Vice has shed some new light on a disturbing story of police overreaction that took place earlier this year.

First, as the event was reported by the Los Angeles Times and others in March: 20-year-old Dakkari McAnuff "allegedly threatened to shoot someone in exchange for 100 retweets" and posted a picture of himself pointing a rifle off a balcony. The LAPD began an investigation the next morning, discovered McAnuff's identity, arrested him for making criminal threats, and set a $50,000 bond. The New York Daily News described the man as a "bozo" and was "glad this guy's behind bars." Good work, boys.

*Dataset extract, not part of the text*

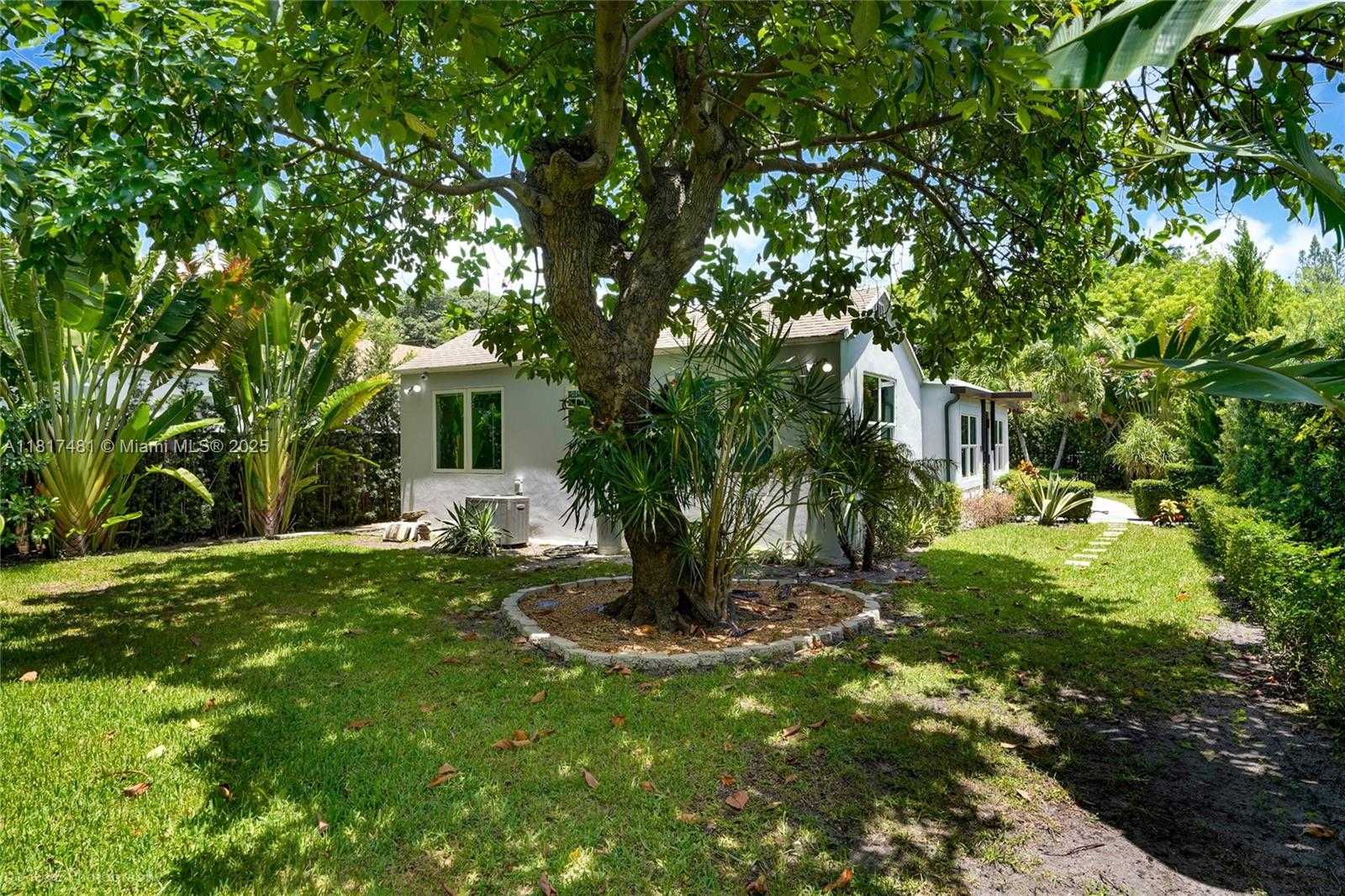 Small Image of 8730 NORTH EAST 8TH CT, Miami Number 7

Except McAnuff is telling his side of the story now, and he alleges that it was all a joke put on by him and a group of friends who call themselves the MAD Pranksters—and that the LAPD knew that from the get-go, but came after him like he was a real killer anyway.

Dakkari McAnuff


A lot of the reports at the time of the incident omitted a significant fact that disrupted the straightforward narrative about the threat followed by the arrest the next day. McAnuff actually posted three pictures: the rifle (which was a toy), a man lying on the ground pretending to be dead, and then a picture of McAnuff handcuffed outside an LAPD squad car with an officer present. That cop was obviously in on the joke. This happened well in advance of the actual arrest.

From Vice:

The MAD Pranksters point out that they had direct contact with an LAPD officer—the one who allowed them to use his car as a prop in the final tweet—and say they told him exactly what they were doing. The gun was obviously fake, and so was the death scene, they argue. In other words, the LAPD ought to have known there was no true threat. [Zane] Abbasi also claims that before his friend McAnuff was arrested, one of the detectives walked into the office where they were being detained, saw Moe—who played the corpse in the prank—and said, "Oh, look, there's the dead guy." The Pranksters' account holds that more than twelve hours had elapsed between the first tweet and the arrest—enough time, arguably, to contact the officer in the third tweet and to have a firearms expert determine whether the gun pictured was real. According to the LAPD's statement, the officers discovered the tweet at 9:30 AM—and it was time-stamped from the night before. Even so, the arrest wasn't made for another three and a half hours, according to Abbasi. So it seems that the department wasn't treating the case as an emergency.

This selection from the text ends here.